InvalidArgumentError (see above for traceback): indices[0] = 0 is not in [0, 0)
     [[Node: embedding_lookup_sparse/embedding_lookup = Gather[Tindices=DT_INT64, Tparams=DT_FLOAT, _class=["loc:@Variable"], validate_indices=true, _device="/job:localhost/replica:0/task:0/cpu:0"](Variable/read, _arg_Placeholder_2_0_2)]]

Update: I think this comes down to an issue in treedlib, since compile_relation_feature_generator doesn't produce items

ajratner commented 7 years ago

Hi @TimRepke ,

Thanks for the detailed post and for calling attention to this! I haven't seen this before, and I agree that the error is a bit lacking in any specificity...

It does however seem like an error that would occur with null data passed in; i.e. I think the error is that tensorflow is checking the sparse indices against an empty data array? Could you double check that both of your feature matrices (F_train and F_dev) are fully populated? Another minor thing would be to change print_freq to a lower value (in either or both calls) so that we can see if this is happening during training, or during dev set eval?

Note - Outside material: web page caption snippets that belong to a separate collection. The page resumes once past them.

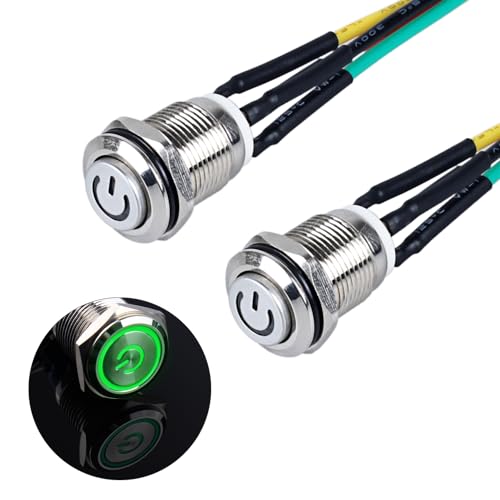 JIQI 2× 12mm Momentane Druckschalter 12V bis 24V 2A IP66 1NO mit Power Symbol LED, wasserdichte Taster aus Metall mit Verbindungsdrähten Momentary Push Button Switch für LKW RV Auto (hoher Kopf,Grün) von JIQI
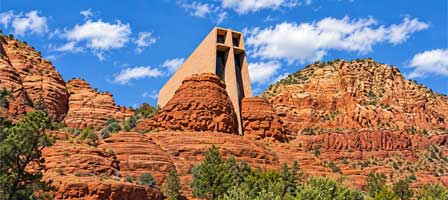 Chapel of the Holy Cross in the Sedona Arizona red rock cliffs and scenic desert landscape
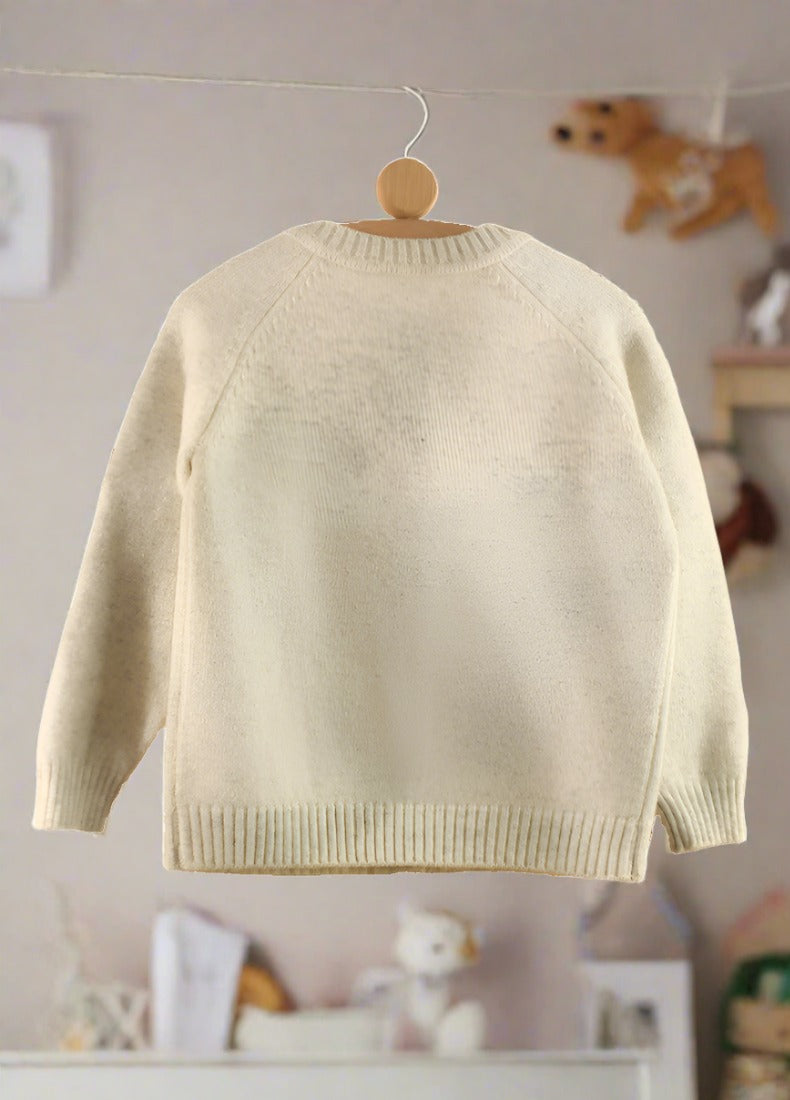 The back view of our cozy children's cardigan, a versatile sweater for little ones in all seasons.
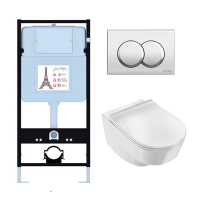 Комплект унитаз с инсталляцией, кнопкой и сиденьем Jacob Delafon Odeon Rive Gauche EDR103-CP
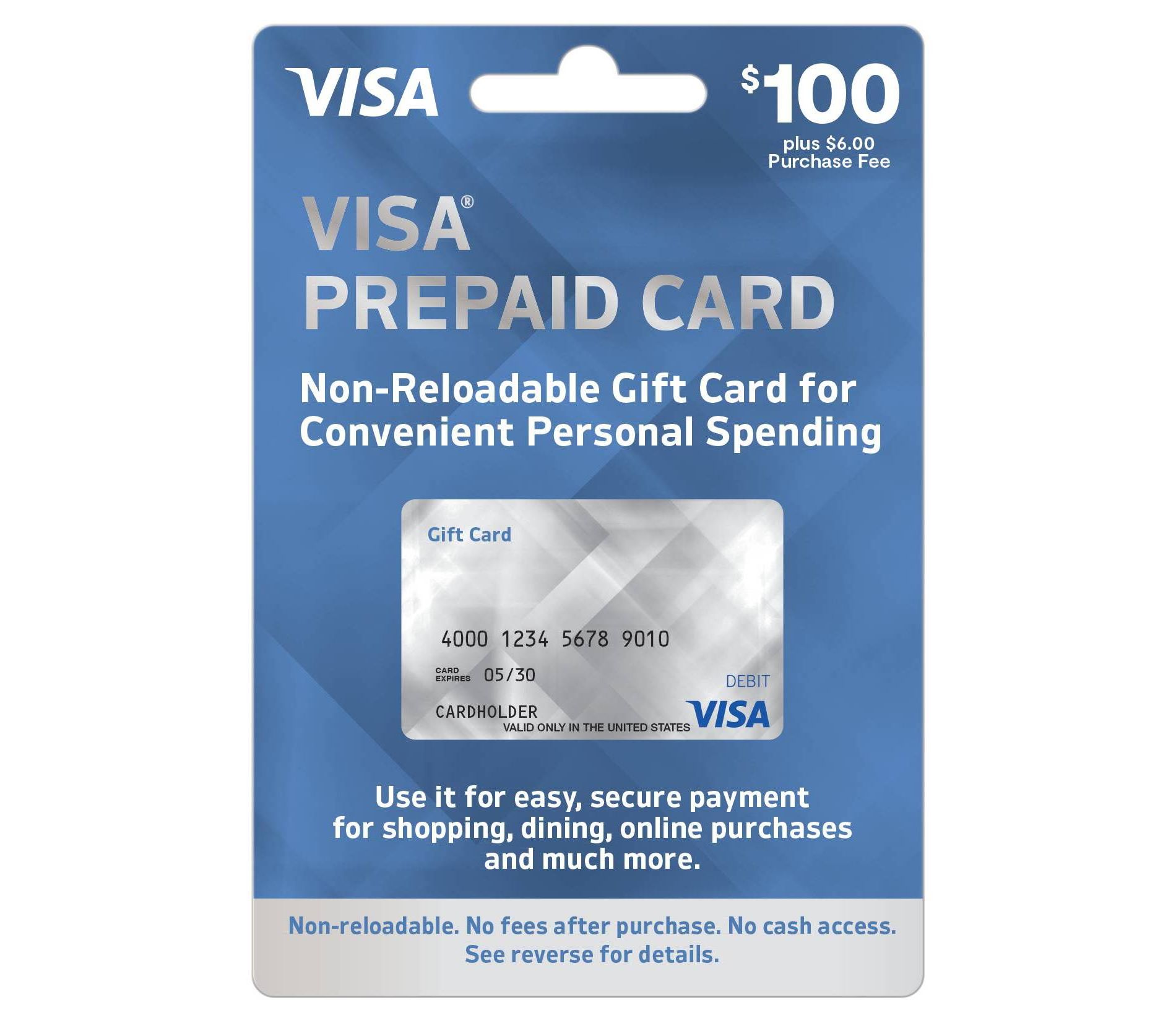Visa Prepaid GiftCard - $100 + $6 Fee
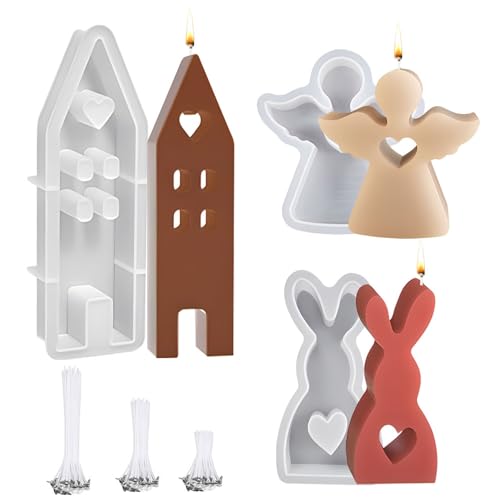 Kerzenform Silikon für Ostern - Kaninchen, Haus Mit Fenster, Engel Gießformen - Silikonformen zum Kerzen Gießen (B) von Anyingkai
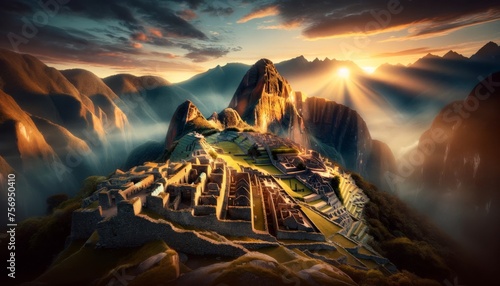 A serene and breathtaking image capturing the essence of a sunrise over the iconic ruins of Machu Picchu, Peru. photo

Also, potentially worth noting that we're about to pull in a refactor of the tensorflow bindings ( #681 ) so there's a small chance that could help here, or at least we'd love to integrate any fixes required here into that PR. So let us know re: the above sanity check questions to start

Thanks, Alex

TimRepke commented 7 years ago

Hi @ajratner , yes, in fact F_train and F_dev are empty (<228x0 sparse matrix of type '<class 'numpy.int64'>' with 0 stored elements in Compressed Sparse Row format>), I guess that wasn't clear from my previous comment. That's where I started going up and down the chain of called functions. As far as I understand it, the FeatureAnnotator is supposed to apply feature functions to the candidates

featurizer = FeatureAnnotator()
F_train = featurizer.apply(split=0)

but apparently (skipping a few calls), the anno_generator doesn't yield any items. Again, skipping a few things, I ended up in the get_binary_span_feats function, where things are handed over to treedlib, where finally nodes (candidates?) are filtered out. I'm not familiar enough with the codebase to put my finger on the issue, but that's where the data stream ends and nothing is returned, so I think it might be the problem.

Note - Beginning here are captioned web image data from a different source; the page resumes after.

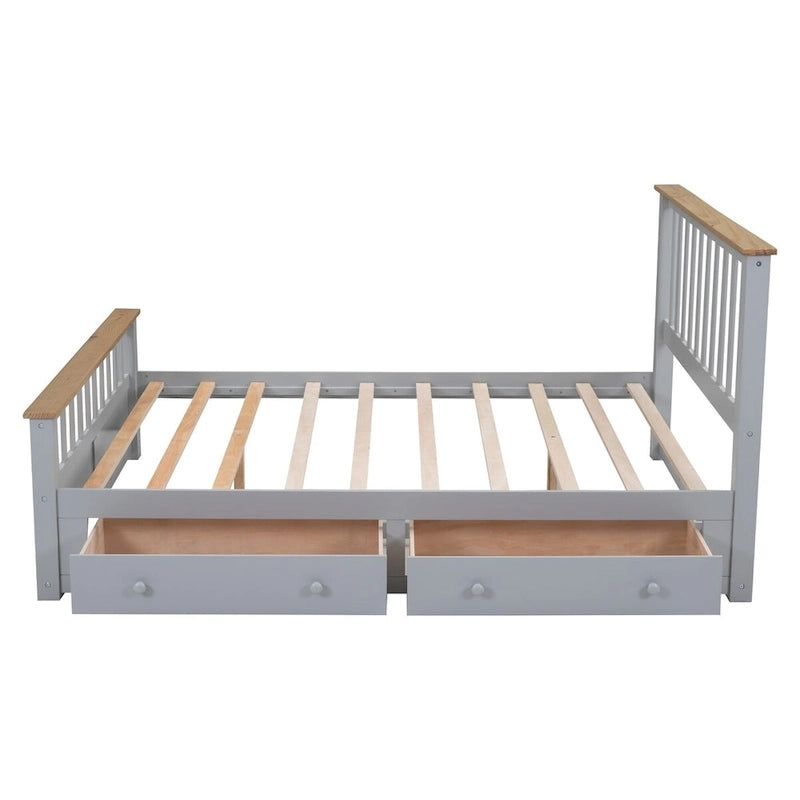 Letto a piattaforma in legno con 2 cassetti e supporto a doghe in legno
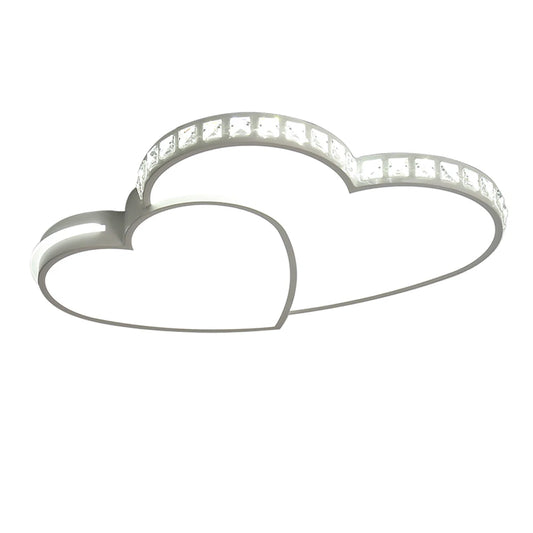 Heart Shaped Crystal LED Flush Mount Ceiling Light for Bedrooms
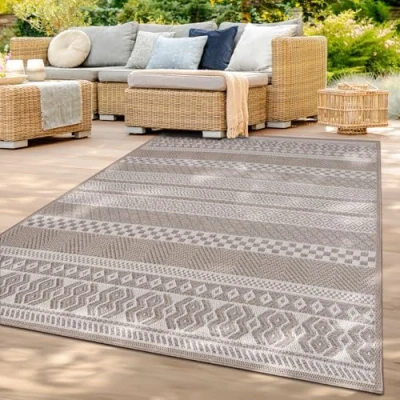 Abbildung von TT Home Teppich &quot;Montpellier 656&quot;, rechteckig, 4 mm Höhe, In &amp; Outdoor Wetterfest Balkon Küche Wohnzimmerteppich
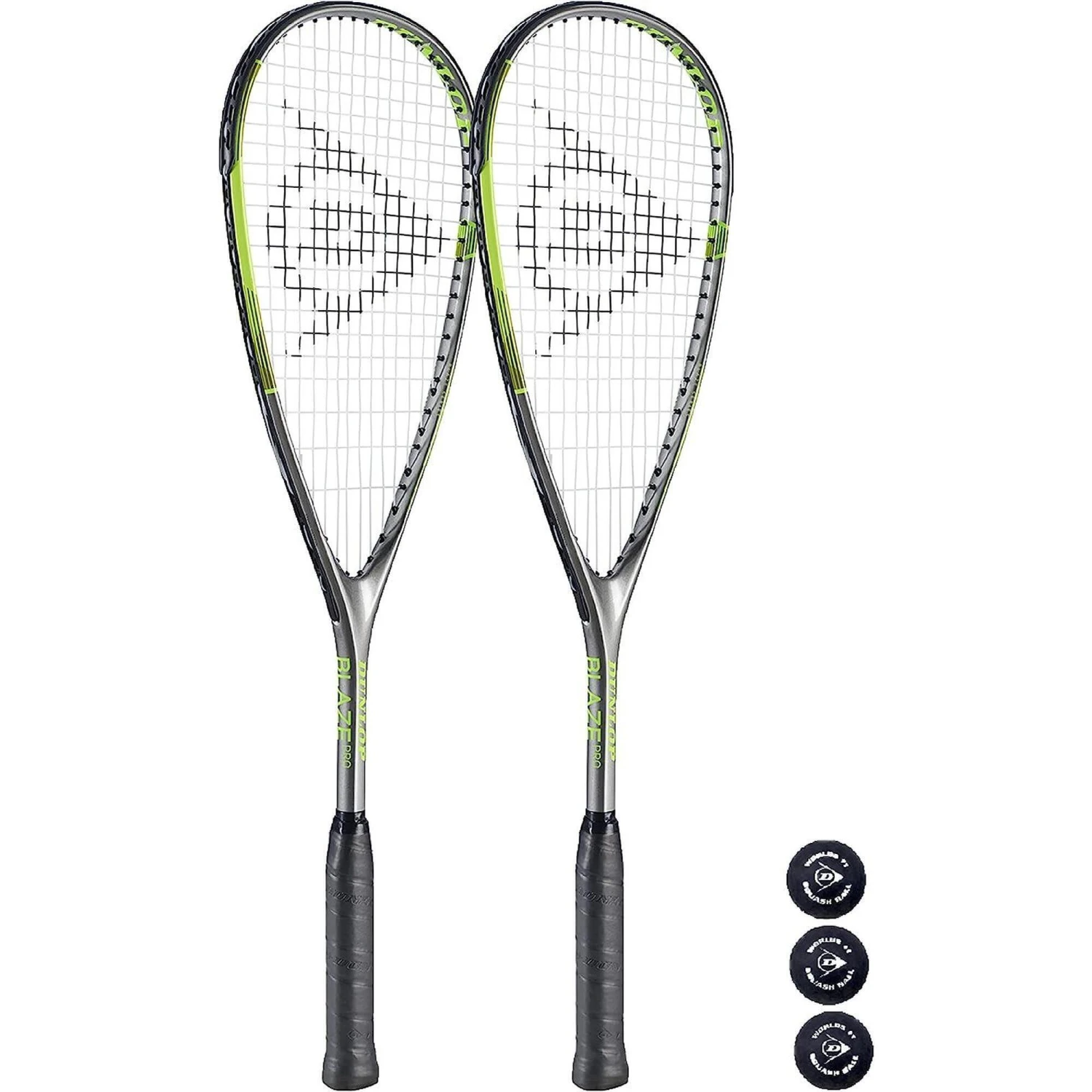 Dunlop Blaze Pro 5.0 Twin Pack Squash Racket Set, Inc 3 Squash Balls 3 Dunlop Blaze Pro 5.0 Twin Pack Squash Racket Set, Inc 3 Squash Balls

TimRepke commented 7 years ago

Found the issue!!! Here min() is called on a generator and therefore iterating over it, leaving an empty iterator. I fixed that and will open a PR soon with other small fixed I came across.

ajratner commented 7 years ago

Hi @TimRepke great sleuthing! I am still confused as to why this error happens for you with Python 2.7, as it doesn't for us; but either way great catch, seems worth fixing, and thanks for the PR!!

gabcbrown commented 7 years ago

Any idea what that second data array is that TensorFlow is comparing against?

I'm getting a similar error while running _, _, _, _ = disc_model.score(session, F_test, L_gold_test) and test_predict = disc_model.predict(F_test). The difference is that it's not empty:

InvalidArgumentError: indices[30] = 28784 is not in [0, 20993)

The trace includes this TensorFlow call.

ajratner commented 7 years ago

Hi @gabcbrown,

The second data array here is a parameters matrix. Usually, this error would be indicative of the train and test sets having different feature spaces--specifically here, that the model was trained with a dataset having 20,993 features, and then the test set has additional features (extending to at least 28,784) which the model doesn't know anything about. (Ideally, a lookup like this should just return a parameter of zero... this is annoying nit w/ TF here...)

Either way, did you create F_test using apply_existing as in the tutorial? This is important and should solve this

Let us know, and either way can try to have better error message here at very least (in the short run)!

ajratner commented 7 years ago

Closing for now- hopefully v0.6 helps as well! If still an issue please re-open!